◆ Work instruction ◆
Return the full listing unchanged, excluding any images it contains.

[Opening Supplied material section]

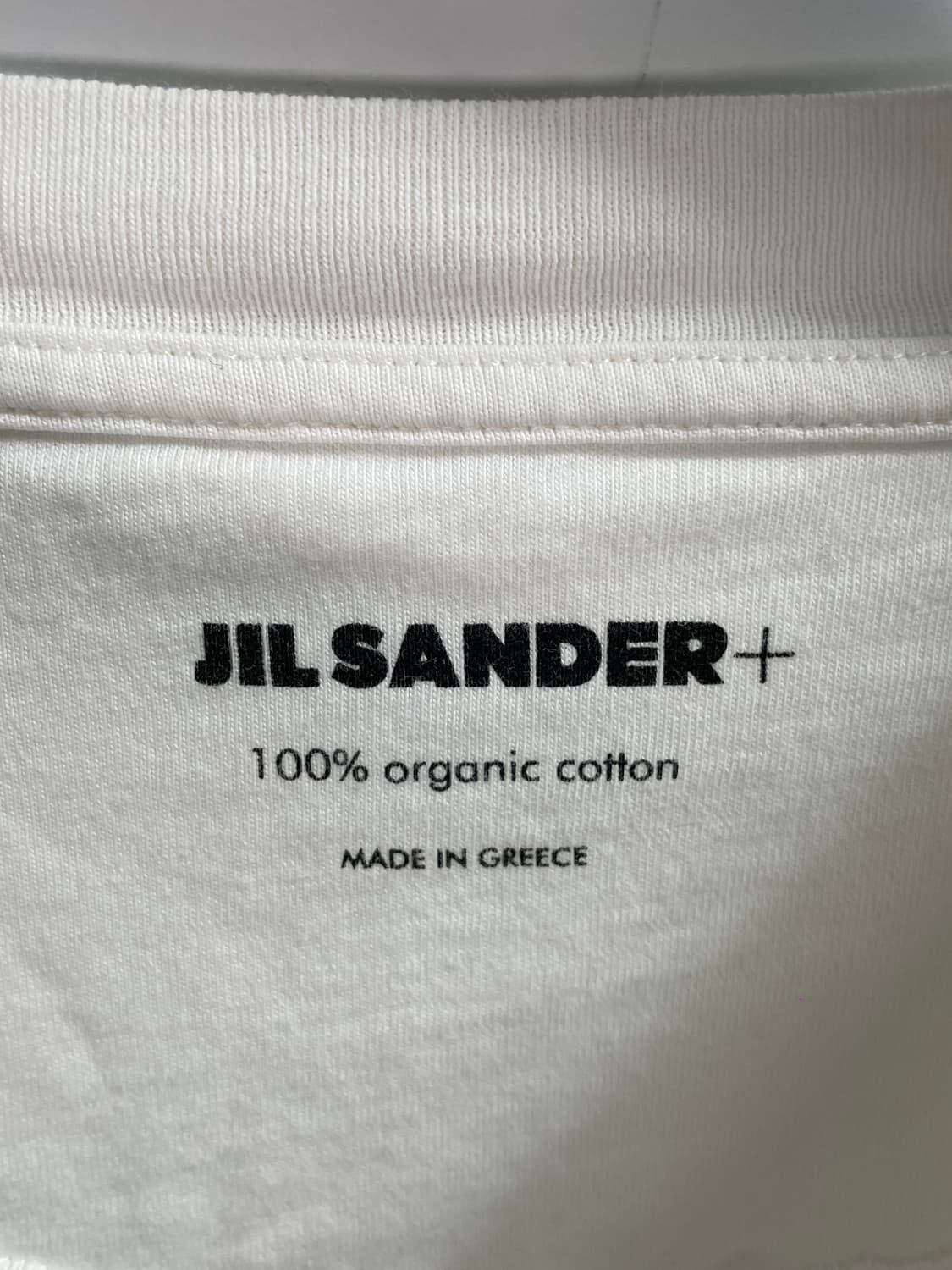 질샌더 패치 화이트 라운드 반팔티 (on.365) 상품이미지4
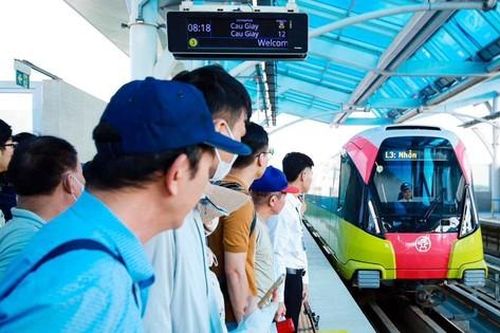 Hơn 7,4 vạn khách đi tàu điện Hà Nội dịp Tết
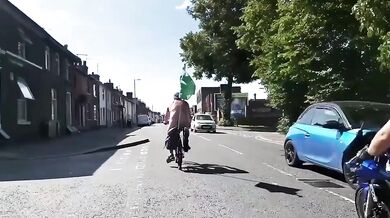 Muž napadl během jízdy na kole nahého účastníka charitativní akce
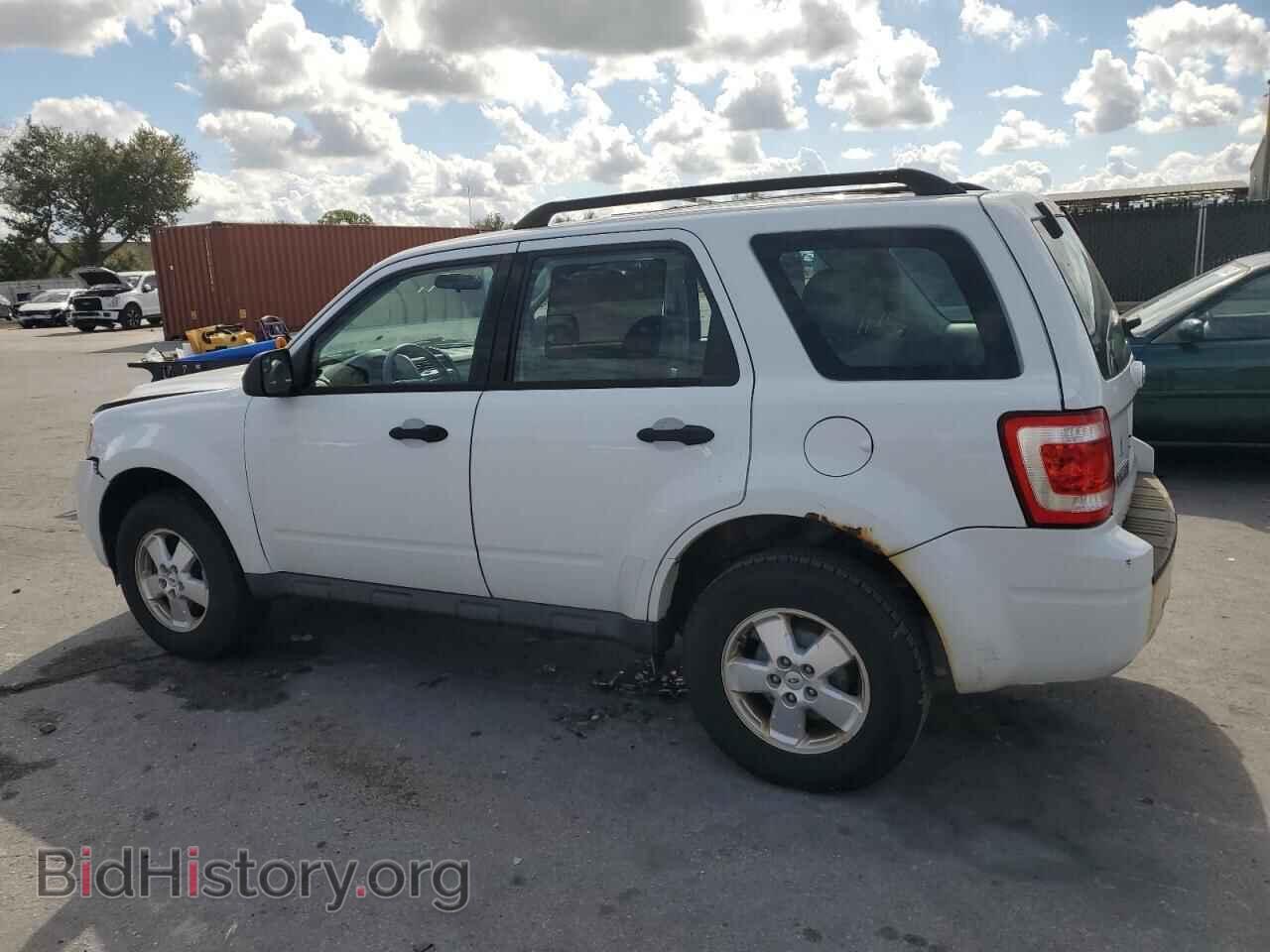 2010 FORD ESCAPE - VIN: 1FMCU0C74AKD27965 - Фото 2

[Closing Supplied material section]

◆ Finished exercise ◆
 질샌더 패치 화이트 라운드 반팔티 (on.365) 상품이미지4
 Hơn 7,4 vạn khách đi tàu điện Hà Nội dịp Tết
 Muž napadl během jízdy na kole nahého účastníka charitativní akce
 2010 FORD ESCAPE - VIN: 1FMCU0C74AKD27965 - Фото 2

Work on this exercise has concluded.